De Neera contaba Demóstenes que, tras abandonar a Frinión para irse a vivir con Estéfano, el primero puso una denuncia para exigir que le devolvieran a su amante y que ésta le restituyera los bienes que se había llevado de su casa. Un tribunal de arbitraje sentenció que Neera «viviría con cada uno de ellos en días alternos [...] Siempre tendría que cubrir sus necesidades el que la tuviera, y en lo sucesivo serían amigos y no se guardarían rencor». El mismo día de la sentencia, los participantes en el juicio «fueron a cenar a la casa de aquel al que le tocara tener a Neera, y ella cenó y bebió en su compañía, dando placer a todos».
Pese a que la mayoría de heteras tenían un origen esclavo, había hijas de ciudadanos que asumían esa condición porque su familia no podía darles una dote o porque su particular atractivo les permitía llevar una vida mejor que la que les habría correspondido como simples esposas.

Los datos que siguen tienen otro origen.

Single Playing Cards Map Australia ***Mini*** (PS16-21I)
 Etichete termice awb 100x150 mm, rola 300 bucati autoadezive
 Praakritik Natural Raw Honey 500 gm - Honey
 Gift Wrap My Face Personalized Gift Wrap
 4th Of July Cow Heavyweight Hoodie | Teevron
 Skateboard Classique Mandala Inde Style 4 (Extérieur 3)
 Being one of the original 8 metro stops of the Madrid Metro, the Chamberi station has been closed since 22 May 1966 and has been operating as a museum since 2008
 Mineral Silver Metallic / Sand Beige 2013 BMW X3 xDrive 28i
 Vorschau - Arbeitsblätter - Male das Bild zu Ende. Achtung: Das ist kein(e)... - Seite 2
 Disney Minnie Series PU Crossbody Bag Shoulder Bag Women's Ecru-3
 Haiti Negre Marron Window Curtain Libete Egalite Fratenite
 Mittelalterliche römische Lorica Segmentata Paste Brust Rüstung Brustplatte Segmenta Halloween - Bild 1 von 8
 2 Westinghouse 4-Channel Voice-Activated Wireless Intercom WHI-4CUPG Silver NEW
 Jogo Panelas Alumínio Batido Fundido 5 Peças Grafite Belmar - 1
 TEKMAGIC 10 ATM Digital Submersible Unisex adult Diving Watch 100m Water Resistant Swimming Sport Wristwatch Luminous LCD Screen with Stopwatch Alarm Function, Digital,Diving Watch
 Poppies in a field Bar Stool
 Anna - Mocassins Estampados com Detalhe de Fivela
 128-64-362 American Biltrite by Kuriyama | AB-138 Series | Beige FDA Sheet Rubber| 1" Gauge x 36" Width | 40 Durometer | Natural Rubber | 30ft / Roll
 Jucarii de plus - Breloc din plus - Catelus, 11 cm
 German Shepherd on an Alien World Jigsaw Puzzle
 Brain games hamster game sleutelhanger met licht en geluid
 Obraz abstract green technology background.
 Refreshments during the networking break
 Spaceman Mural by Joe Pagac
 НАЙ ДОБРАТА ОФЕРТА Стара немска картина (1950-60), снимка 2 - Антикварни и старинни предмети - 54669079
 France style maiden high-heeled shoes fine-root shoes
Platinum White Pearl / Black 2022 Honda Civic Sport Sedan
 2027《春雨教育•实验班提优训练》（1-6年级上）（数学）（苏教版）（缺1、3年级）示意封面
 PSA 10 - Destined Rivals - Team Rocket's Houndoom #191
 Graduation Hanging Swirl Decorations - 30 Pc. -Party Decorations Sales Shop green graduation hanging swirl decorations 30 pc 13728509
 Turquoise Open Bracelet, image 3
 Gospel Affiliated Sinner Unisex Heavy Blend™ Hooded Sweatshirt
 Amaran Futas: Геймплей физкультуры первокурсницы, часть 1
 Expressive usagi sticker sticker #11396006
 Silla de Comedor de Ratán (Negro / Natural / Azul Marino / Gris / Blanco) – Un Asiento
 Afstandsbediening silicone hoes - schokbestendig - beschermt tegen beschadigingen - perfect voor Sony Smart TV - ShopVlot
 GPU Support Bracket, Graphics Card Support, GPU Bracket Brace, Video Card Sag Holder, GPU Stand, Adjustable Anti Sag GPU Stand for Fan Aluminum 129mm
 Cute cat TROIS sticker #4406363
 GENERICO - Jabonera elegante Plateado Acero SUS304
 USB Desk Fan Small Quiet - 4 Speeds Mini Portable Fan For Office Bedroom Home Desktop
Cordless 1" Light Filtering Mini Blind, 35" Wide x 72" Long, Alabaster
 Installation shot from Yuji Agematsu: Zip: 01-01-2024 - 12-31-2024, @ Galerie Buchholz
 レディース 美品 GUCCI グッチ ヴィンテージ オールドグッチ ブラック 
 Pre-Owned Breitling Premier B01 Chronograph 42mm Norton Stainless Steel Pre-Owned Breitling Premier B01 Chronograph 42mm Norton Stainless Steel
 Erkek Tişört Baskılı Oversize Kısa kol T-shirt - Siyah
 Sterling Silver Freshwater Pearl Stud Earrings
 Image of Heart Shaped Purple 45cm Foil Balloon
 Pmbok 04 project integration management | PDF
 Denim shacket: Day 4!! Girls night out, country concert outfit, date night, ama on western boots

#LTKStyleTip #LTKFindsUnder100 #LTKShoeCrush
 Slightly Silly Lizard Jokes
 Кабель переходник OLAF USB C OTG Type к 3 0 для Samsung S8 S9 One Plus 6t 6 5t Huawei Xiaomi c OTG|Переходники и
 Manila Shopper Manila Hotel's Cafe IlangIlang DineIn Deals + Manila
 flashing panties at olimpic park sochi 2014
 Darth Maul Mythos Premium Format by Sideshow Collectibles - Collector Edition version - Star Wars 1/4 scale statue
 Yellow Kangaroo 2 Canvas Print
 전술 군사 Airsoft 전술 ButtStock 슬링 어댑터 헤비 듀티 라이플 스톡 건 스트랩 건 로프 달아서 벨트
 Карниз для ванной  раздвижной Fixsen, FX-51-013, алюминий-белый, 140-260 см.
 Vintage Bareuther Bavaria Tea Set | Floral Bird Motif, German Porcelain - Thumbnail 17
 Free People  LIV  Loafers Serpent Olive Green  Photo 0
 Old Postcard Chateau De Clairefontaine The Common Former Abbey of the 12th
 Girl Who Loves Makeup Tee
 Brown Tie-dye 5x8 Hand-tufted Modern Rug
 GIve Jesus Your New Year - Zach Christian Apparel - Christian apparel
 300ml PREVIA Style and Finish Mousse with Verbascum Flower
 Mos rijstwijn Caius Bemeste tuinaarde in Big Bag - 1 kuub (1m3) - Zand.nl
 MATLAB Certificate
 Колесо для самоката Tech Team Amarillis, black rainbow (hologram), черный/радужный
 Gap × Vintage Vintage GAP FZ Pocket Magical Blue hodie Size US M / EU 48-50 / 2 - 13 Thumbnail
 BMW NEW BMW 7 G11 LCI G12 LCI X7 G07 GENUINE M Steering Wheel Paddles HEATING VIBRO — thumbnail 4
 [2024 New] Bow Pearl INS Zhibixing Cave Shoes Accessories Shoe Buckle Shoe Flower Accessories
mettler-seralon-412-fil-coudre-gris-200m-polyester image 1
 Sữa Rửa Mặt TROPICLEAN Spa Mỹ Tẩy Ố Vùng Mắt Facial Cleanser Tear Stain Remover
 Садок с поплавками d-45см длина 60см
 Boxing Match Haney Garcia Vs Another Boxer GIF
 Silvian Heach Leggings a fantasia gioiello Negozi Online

Así tenían independencia económica y podían llegar a ser propietarias de una casa, para vivir solas o con otras heteras.
Aunque las heteras podían llegar a tener una autonomía considerable en comparación con las mujeres ciudadanas, no por ello dejaban de depender de los hombres. Su participación en reuniones masculinas como el simposio tenía lugar siempre de la mano de un partenaire. Las mujeres atenienses no podían salir solas, salvo a edad muy avanzada, si querían preservar su integridad, y tampoco lo hacían las heteras, quienes iban acompañadas de sus respectivas parejas o bien en un grupo con otras heteras.
Hay que señalar asimismo que, pese a que las heteras no se relacionaban con las mujeres casadas, dada la radical diferencia de estatus entre unas y otras, debía de resultar muy difícil distinguirlas por su aspecto exterior. Las esposas solían ir muy maquilladas y lucían atuendos tan llamativos como los de las heteras, y unas y otras debían de cubrirse el rostro con el velo o el manto por la común necesidad de proteger del sol la piel, harto castigada por una cosmética muy agresiva. En la antigua Grecia, la diferenciación social entre lo masculino y lo femenino era mucho más fuerte y significativa que la que distinguía a las heteras de las mujeres casadas.